Perhaps because of this mood of pessimism, which must have been increased by the death of his son in 1879, of Wagner and Manet in 1883, and of Victor Hugo in 1885, feeling that his own life was nearing its end—although he in fact had still twelve more years to live—Mallarmé collected the poems he had so far published in various literary magazines and produced two volumes in 1887, Album de vers et de prose and Les Poésies de Stéphane Mallarmé.
By 1893, however, he had recovered some of his optimism in the sonnet at first titled "Toast" (since it was recited as such to his friends at a literary banquet) and later "Salut," in which he once more reaffirmed his faith in his goal. But this time he defines the latter in no more than the vaguest terms, as "n'importe ce qui valut le blanc souci de notre toile" (whatever has inspired the steadfast purpose that has driven us forward). Instead of the overwhelming confidence of "Quand l'ombre" and "Prose" that he will reach his goal, Mallarmé now feels uncertain whether what awaits him is success, failure, or some lonely limbo between the two. "Salut" can therefore be classed as a kind of elegy, in that it is really a reflection on what fate may await Mallarmé after his death—the loneliness of an uncompleted task, the shipwreck of failure, or the goal of success.
The same is true of the sonnet published in the magazine Pan, 1895, "A la nue accablante tu" (Unannounced to the lowering cloud), in which Mallarmé expresses an uncertainty of a rather different kind, not about his ultimate fate, but about the true worth of what he has achieved. He now seems convinced that his work will never survive, but in a moment of unusually profound pessimism he also wonders whether this outcome will mean the loss to posterity not of a great poet, but of a mere versifier.
Uncertain and despondent though he may have felt at times during these years, Mallarmé nevertheless recovered sufficiently from his pessimism on occasions to write elegies to Baudelaire in 1895, to Verlaine in 1897 and to Vasco da Gama in 1898. This last poem, "Au seul souci de voyager" (To life's sole goal of sailing onwards) was written to celebrate the four-hundredth anniversary of da Gama's voyage to India, but Mallarmé also saw, in the great explorer's persistence in sailing into the unknown against all odds, an image of his own unwavering pursuit of the ideal world, despite disappointments and setbacks.
This acceptance of the "souci de voyager" (goal of the traveler) as a substitute for the more ambitious "souci d'arriver" (goal of arrival) can also be perceived in what is no doubt the most original and hermetic of all Mallarmé's works, Un coup de dés jamais n'abolira le hasard.

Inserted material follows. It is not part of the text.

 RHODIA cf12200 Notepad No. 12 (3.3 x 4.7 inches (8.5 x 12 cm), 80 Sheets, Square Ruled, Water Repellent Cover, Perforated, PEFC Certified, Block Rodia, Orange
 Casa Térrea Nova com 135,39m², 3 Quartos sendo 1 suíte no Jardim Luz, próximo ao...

So as to indicate the structure of this fairly lengthy and extremely complex piece of prose made up of some 650 words covering twenty-one pages, Mallarmé uses different kinds of lettering. The main clause, printed in bold capitals, is interrupted after "jamais" by a subordinate clause in smaller capitals, which, in turn, is interrupted by a long and intricate passage in ordinary roman type. Only after these two parentheses does the verb "n'abolira" appear, and it too is followed by a long parenthesis in italics before the object of the verb, "le hasard," makes its appearance. A final qualifying clause is then introduced, first in italics and then in roman type, to bring the work to a close.

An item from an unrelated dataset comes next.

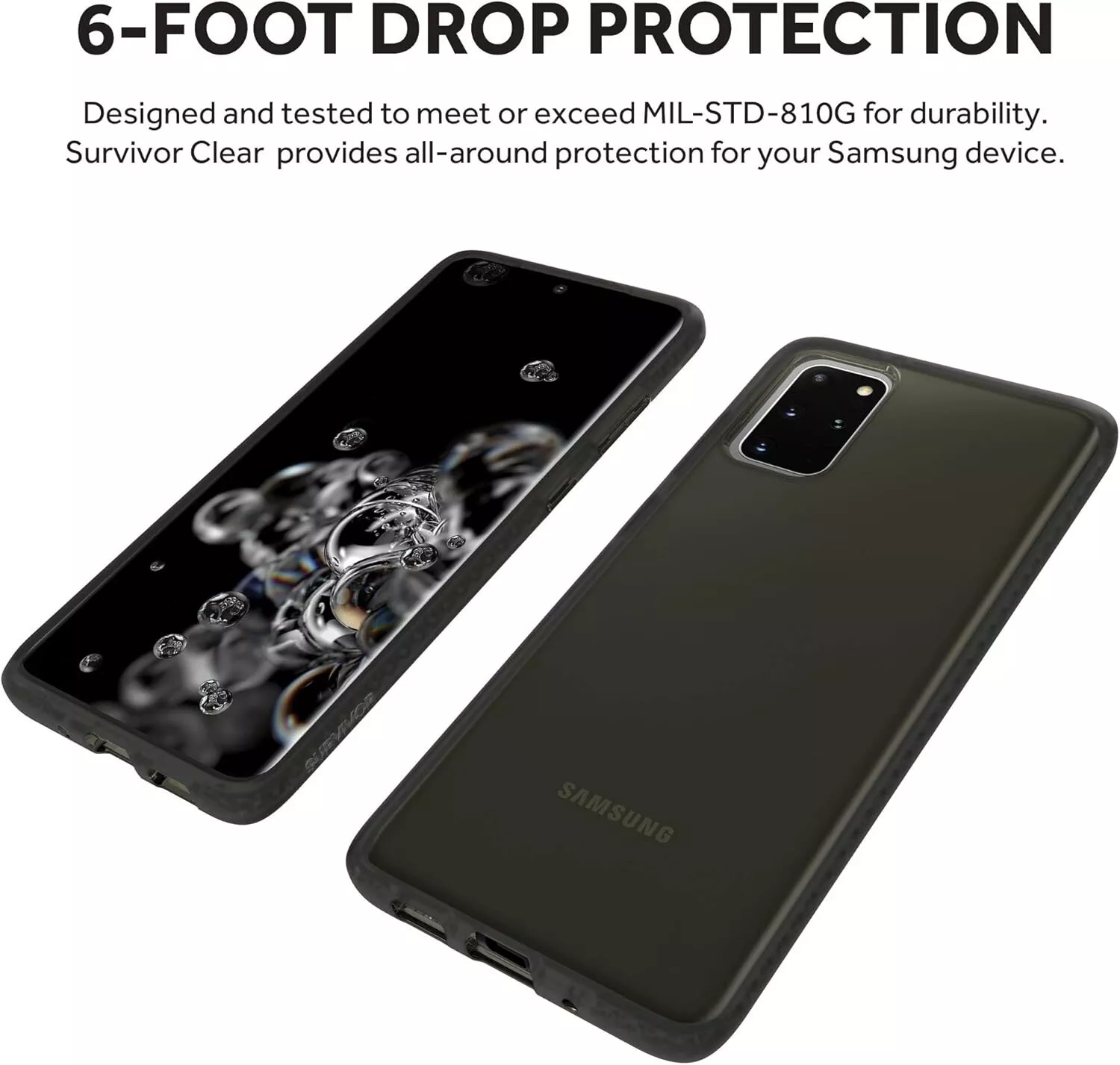 Genuine Griffin Survivor Impact Protection Case Samsung Galaxy S20 Ultra Clear - Image 5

In addition to this visual indication of the relative emphasis to be given to the various sections of the text, Un coup de dés jamais n'abolira le hasard also has a pictorial element. The words and sentences are sparingly and unevenly distributed across the comparatively large area of the double page, which Mallarmé uses as his "frame" instead of the single page, so that the lines of print, sometimes trailing across the paper like a drawing of the wake of a ship, sometimes grouped together like black dots on white dice (a wake is white; a drawing of it is black), and sometimes more widely scattered like black stars in a white sky, reinforce the three kinds of imagery that dominate Un coup de dés, much as the sounds ix and or complement the imagery of "Ses purs ongles." There is indeed a close relationship between these two works, although the optimism implicit in the constellation rising triumphantly out of the empty room in 1868 has given way almost thirty years later to a calm resignation implicit in a similar constellation quietly presiding over a catastrophic shipwreck.

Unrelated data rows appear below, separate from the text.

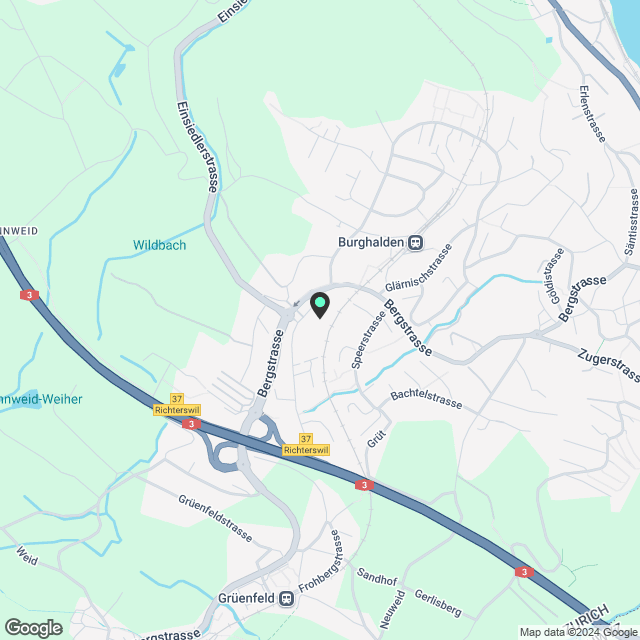 Ankündigung 2.5-Zimmer-Mietwohnung in Richterswil - Karte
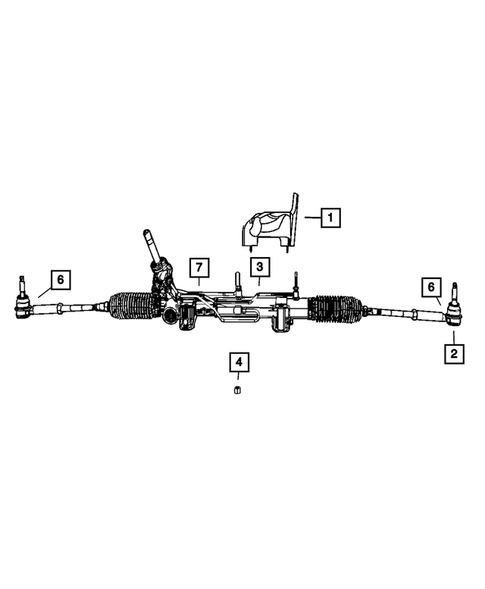 Steering Gear for 2008 Dodge Caliber #0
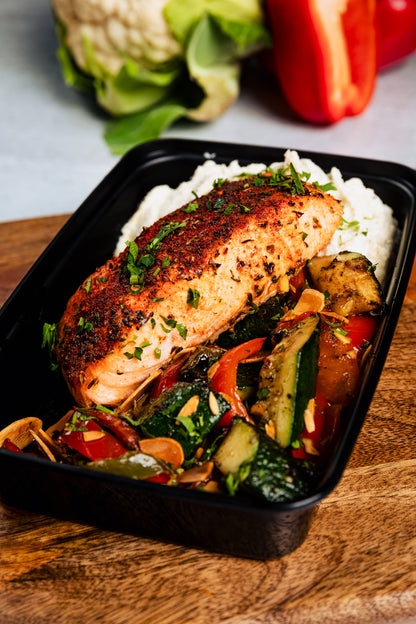 Salmon w/Cauliflower Mashed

This wreck is no doubt that of Mallarmé's hope of attaining his goal, but he finds a twofold consolation for not having succeeded in producing his "Grand Oeuvre"; first in the thought that, even if he had launched this work upon the world, it could still have passed unnoticed, for the fact of throwing a pair of dice does not abolish the chance that they may not be seen; and second in that, even if the dice are not thrown, even if the "Grand Oeuvre" is not published, nevertheless the ideas that have gone into its making will themselves constitute a less obvious throw of the dice and may by chance survive. The final line, "Toute Pensée émet un Coup de Dés" (Every thought means a throw of the dice), is the modestly optimistic conclusion, printed in appropriately modest lettering, of this extraordinarily original and complex work.
Now that more than a century has elasped since Mallarmé wrote those words as the final line of Un coup de dés, it seems safe to say that the hope they express has been realized, and that, even though he did not manage to complete and to publish his "Grand Oeuvre" and thus give it a chance of survival, nevertheless the few works that he did publish, particularly the volume of Poésies that he prepared just before his death and Un coup de dés, have ensured him a place as one of the brightest stars in the constellation of writers who make the second half of the nineteenth century such a brilliant period in French literature.